Just in time for this mild autumnal weather, I have finished the cotton blanket I started last summer on holiday in Devon. I didn't like it a lot to begin with, and put it to one side for a good nine months before picking it up again last June to start work on again. I must have needed the break, for when I looked at it again, and looked at the yarn I had chosen, I remembered what I had wanted to do with it and why I started the project in the first place.
This blanket was inspired by the much-photographed tiled wall of Sugarhouse Studios in London. I have never been, but had seen a few photos online and loved the diamond shaped tiles in their muted pastels, with the swathes of colour that seem to move across the diagonal grid.
Struggling as I always do to think of imaginative names for the projects I complete, I asked people on Instagram to suggest a name for this blanket, and the results were just amazing: Brilliant Butterscotch, Summer Sorbet, Ice Cream Dream, Summer Daze, Summer's End, Patchwork Summer, Summer Dream, Sweet Summer Haze, Sundae, Tutti Frutti, Wine Gums, Raspberry Ripple, Forget-me-not, Indian Summer, Gelatto Potpourri, Summer Sundae, Fading Flowers, Summer Meadow, Wildflower, Fading Glory, Last Blooms of Summer, Pumpkins and Pear Drops, Essence of Summer, Ice Cream and Faded Flowers, and the wonderful Two Scoops in Paris, which sounded like a great name for a novel.

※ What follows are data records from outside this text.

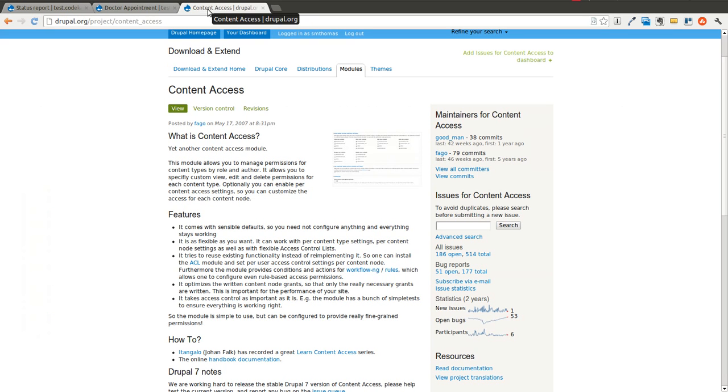And that's all there really is to the content access module. It's a simple module, but it's extremely powerful for building out websites and web applications, especially when you have multiple different roles and permissions that need to be set.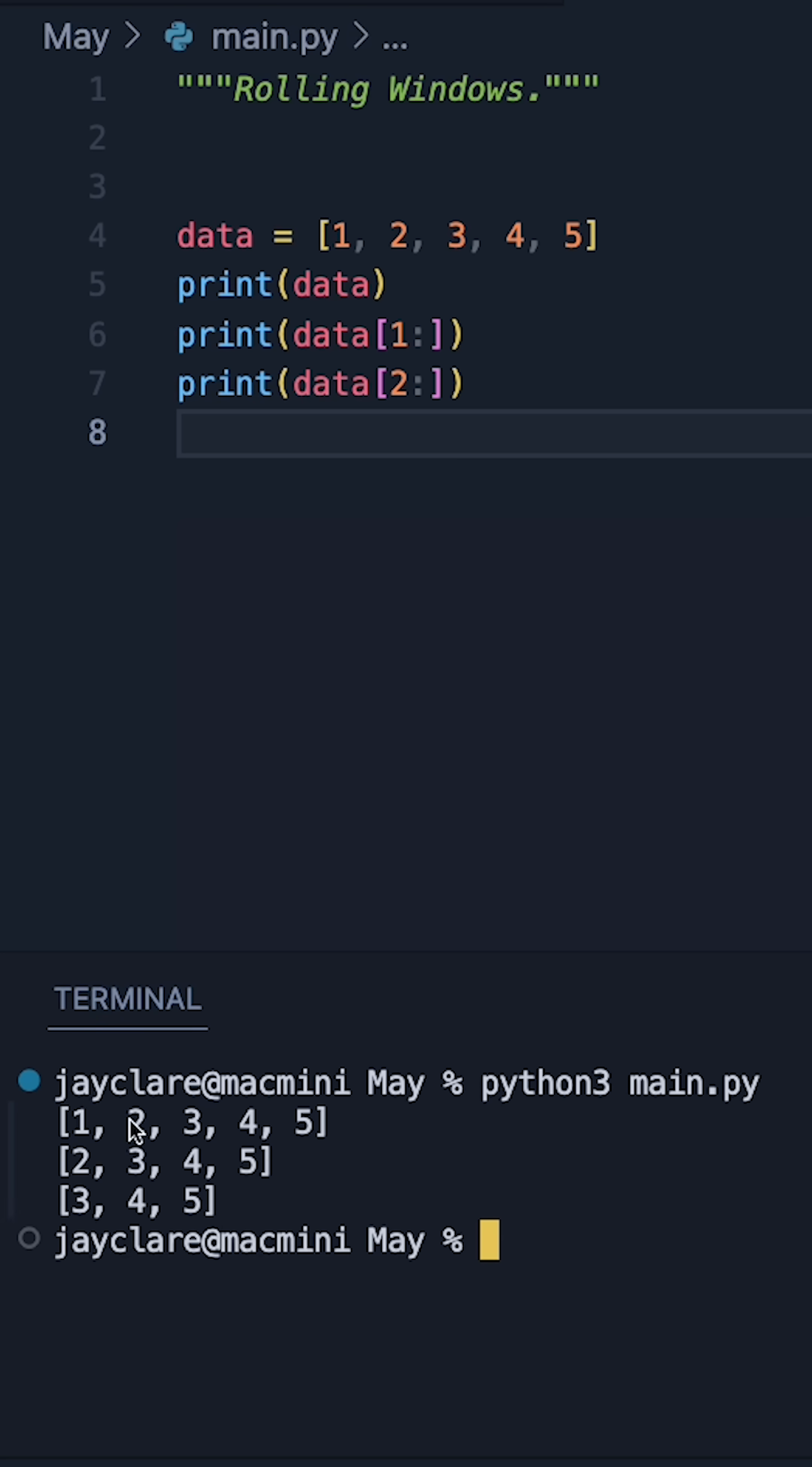So we see one, two, three; two, three, four; three, four, five. I'm going to be using list and zip to basically take advantage of these things here and produce our rolling window.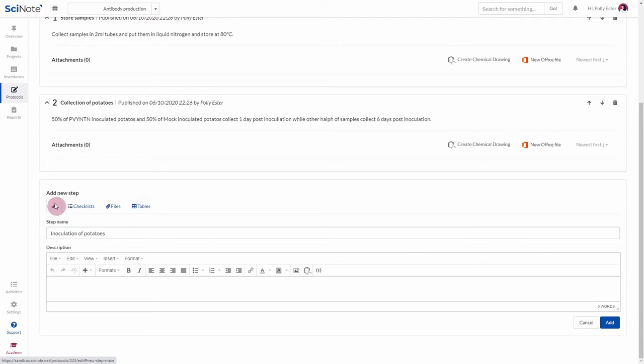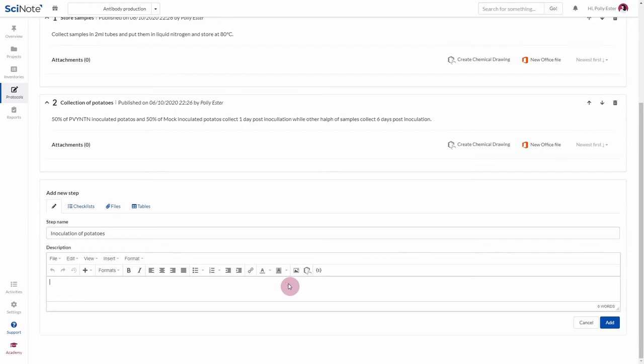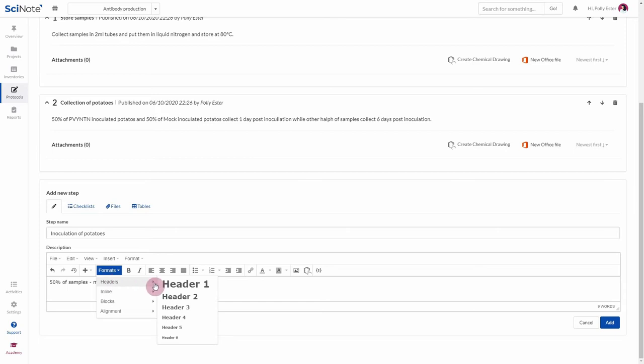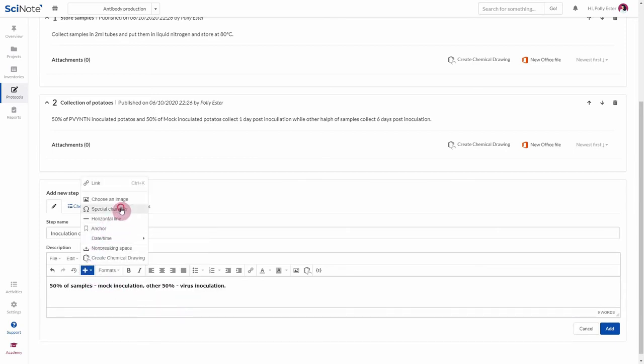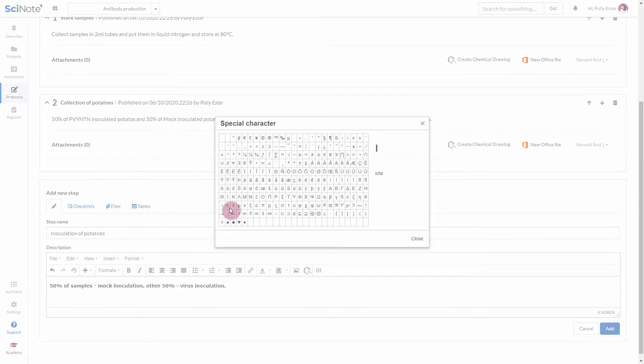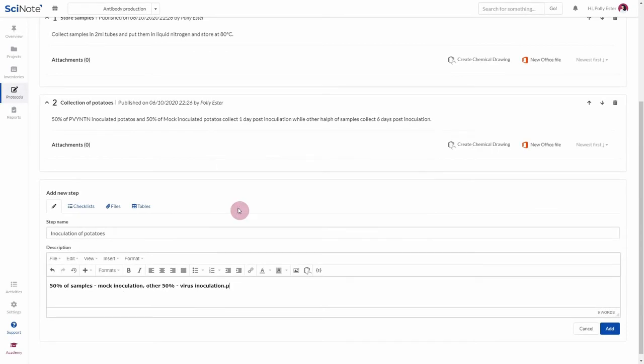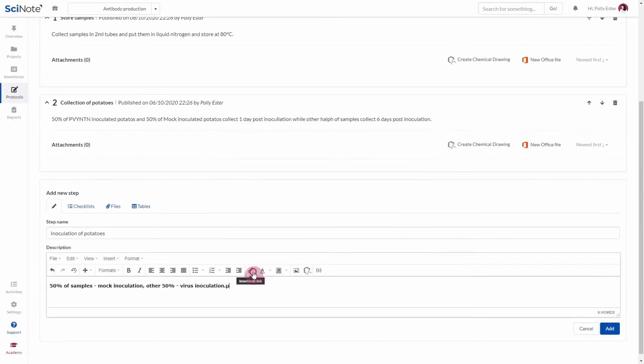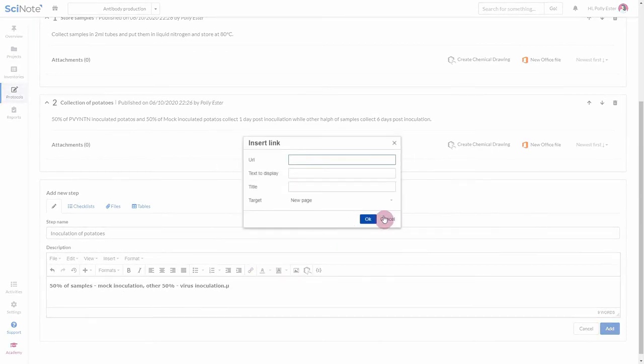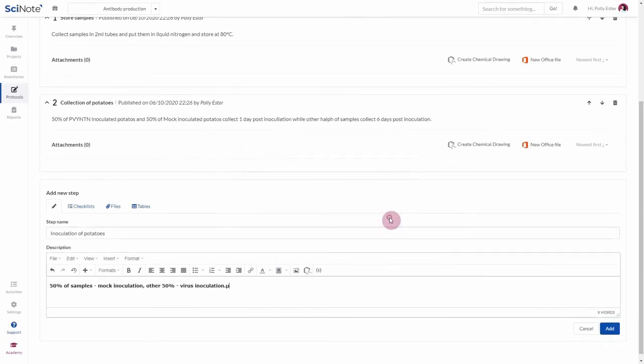This is a rich text field, meaning you have plenty of options to format your text. For example, if you want to change the size of your font, click Formats and then Headers. If you'd like to add a special character, click here and then select Special Character. You can also embed a picture to your step or add hyperlinks to your image or other large files.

I love how all these names picked up on the themes of ice cream, confectionery and summer blooms, but also the transition from late summer into early autumn. That time of year when there is colour everywhere, but it's softening and fading as cooler weather takes hold. That's what I wanted from this blanket: all the joy and memories of a good summer - the wildflowers, ice creams, days at the beach, blue skies, sunsets - keeping me warm both literally and figuratively. In the end I went for "Sugarhouse Blanket", which was what I referred to it in my head the whole time I was making it.
I used a standard Granny Square pattern throughout, but opted to set the whole blanket on the diagonal, just like the tiled studio wall. I filled in the sides with half Granny Squares, so that I had straight edges for the border.

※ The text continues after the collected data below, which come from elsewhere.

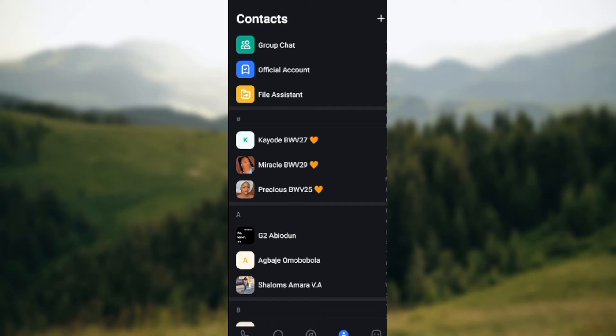where you see Group Chat, Official Account, File Assistant, etc. By the top right corner of the screen, you'll see a plus icon. Click on it. Once you've clicked on it, a box will be displayed showcasing New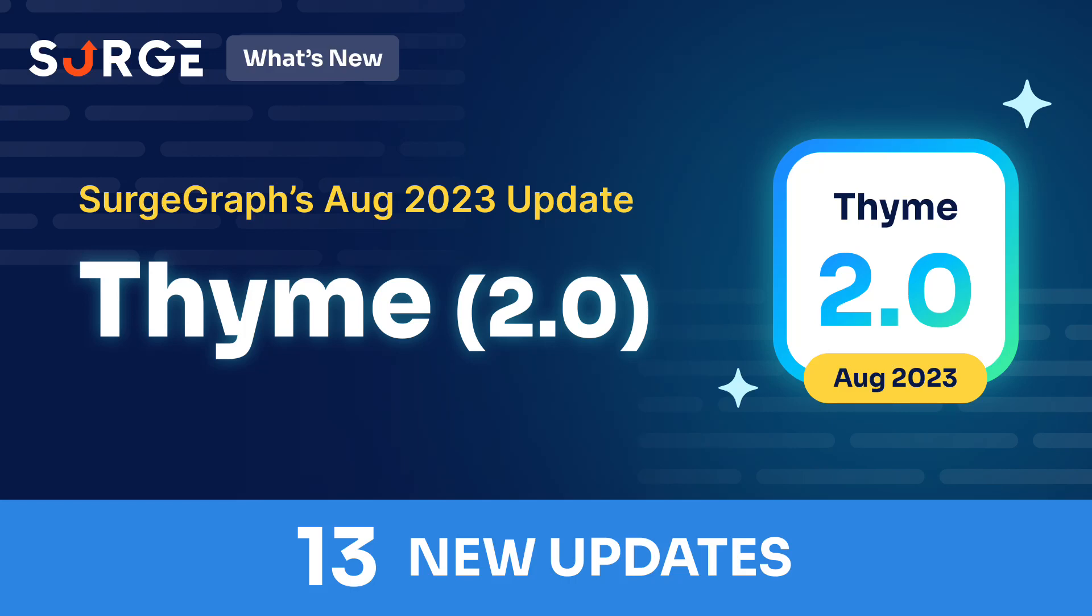SearchGraph just released the latest version update, Thyme 2.0, which comes with 13 new features. This update is meant to boost productivity, content quality, and search engine optimization. Make sure to leave a comment down below about your thoughts on the new update. Without further ado, here's a quick walkthrough of each and every new feature.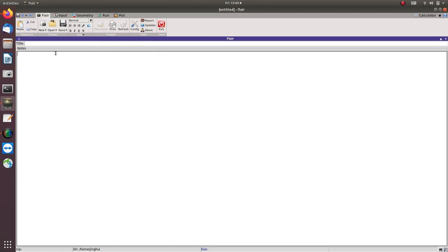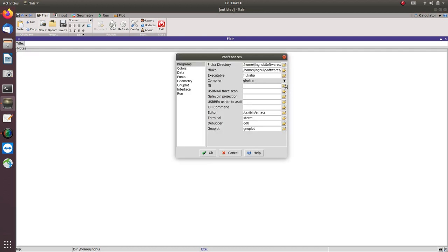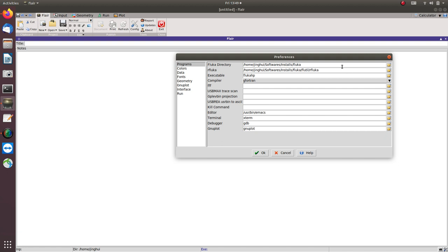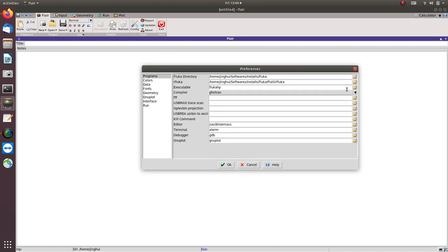First, after you open FLARE, on the right-hand side lower corner you see there is a button called 'Open Configuration'. Click it, and then you have to find out where the FLUKA folder is — where you have installed your FLUKA.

I used the join-as-you-go method which I think worked well here. It definitely stopped the blanket looking overly balanced or perfect, as you can't lay out all your squares at the end and move them around, and helped the random feel I was aiming for. Also, along with the single-colour squares, it meant I had significantly fewer ends to darn in, always a good thing!
The border is very simple, just three rows of double crochet (UK terms) in white, nice and crisp. I'm not a fan of a fussy blanket border, it's just not for me. In fact I think this barely qualifies as a border, it's so thin - perhaps it's more of an "edge".

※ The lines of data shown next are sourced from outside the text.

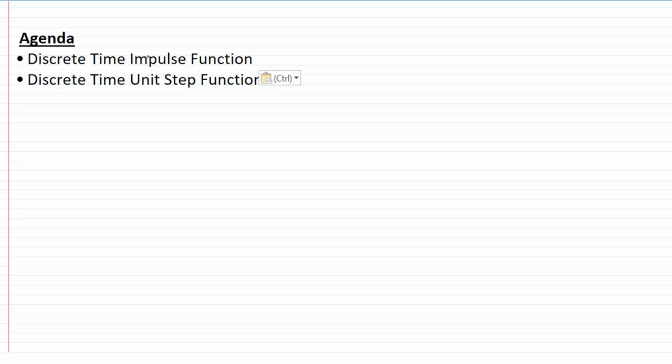Hello guys, in this video we're going to talk about two special types of signals. The first one is the impulse function and the second one is the unit step function. We're going to talk about these two functions in discrete time, and in the next video I want to talk about these two functions in continuous time.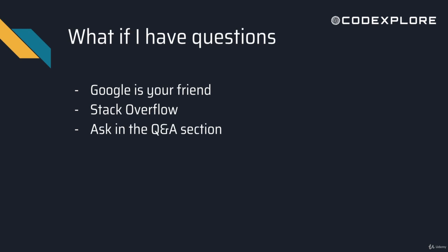And what if you have any questions? Well first, Google is your friend. Don't be afraid to Google anything. Chances are if you have a question, someone else has also had that question and there's probably an answer somewhere online.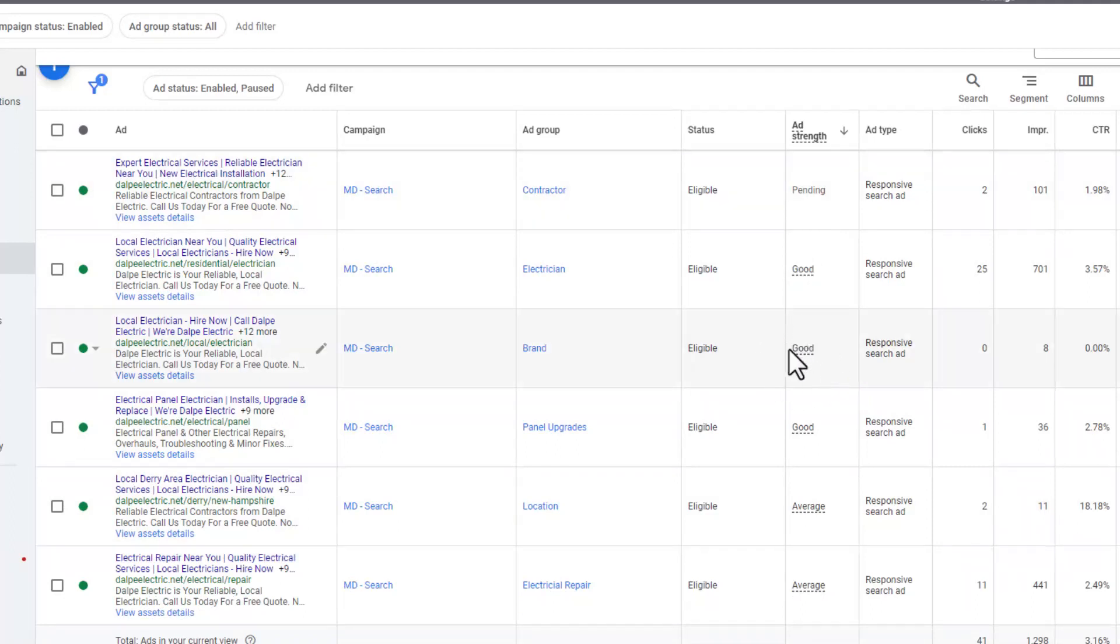I'm going to leave this one for a couple of days to see how it performs, because these will change. Sometimes this can go up to excellent just by the performance of the ad itself. Google wants the discretion to be able to switch around the headlines and the descriptions as they see fit. The minute you pin a headline or description, you're telling Google essentially we don't want you to make the decision. I know it may seem kind of simple, but sometimes just doing those few things, taking out poor performing headlines and unpinning headlines and descriptions will sometimes improve your ad strength within Google right away.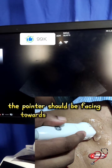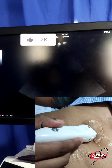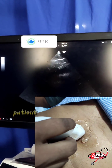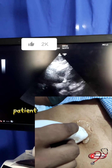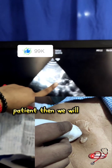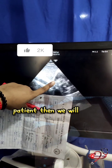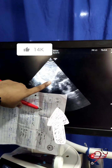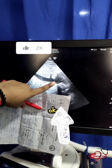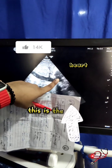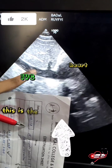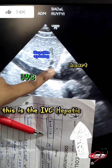Then we will turn to get the hepatic vein opening. This is the heart, this is the IVC, and this is the hepatic opening.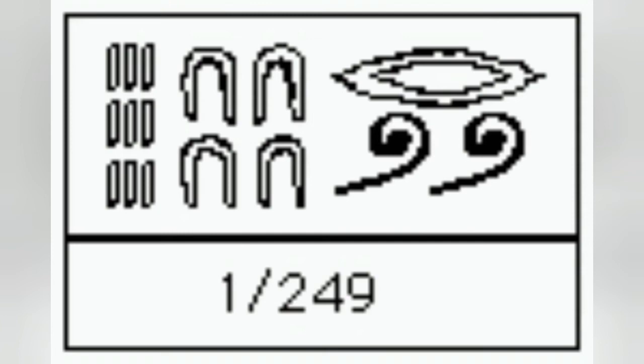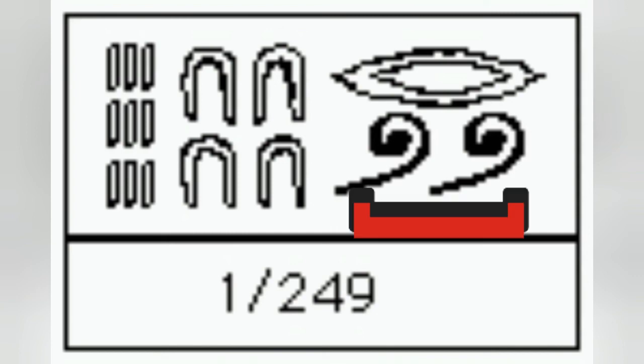Notice that when the number contained too many symbols for the part sign to be placed over the whole number, as in 1/249, the part symbol was just placed over the first part of the number. The number is read from right to left.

I used a 5 mm hook and Drops Paris cotton yarn in the following colours:
17 Off White
26 Dark Beige
57 Light Light Pink
20 Light Pink
28 Powder Pink
60 Dark Old Pink
21 Light Mint Green
25 Moss Green
29 Light Ice Blue
101 Light Blue
23 Light Grey
I haven't measured it, but it's big enough to drape a little over the sides of a king sized bed.
I'm not sure how many more weeks I'll want a cotton throw on our bed. I may swap it for a thicker woollen blanket soon, or I'll add the winter duvet - it depends how much longer it stays mild for. Already we've had the odd evening where we've switched the heating on for a couple of hours, although we've yet to light a fire. But I know that I'll be overjoyed to unpack this beauty next spring and enjoy using it in the warmer months.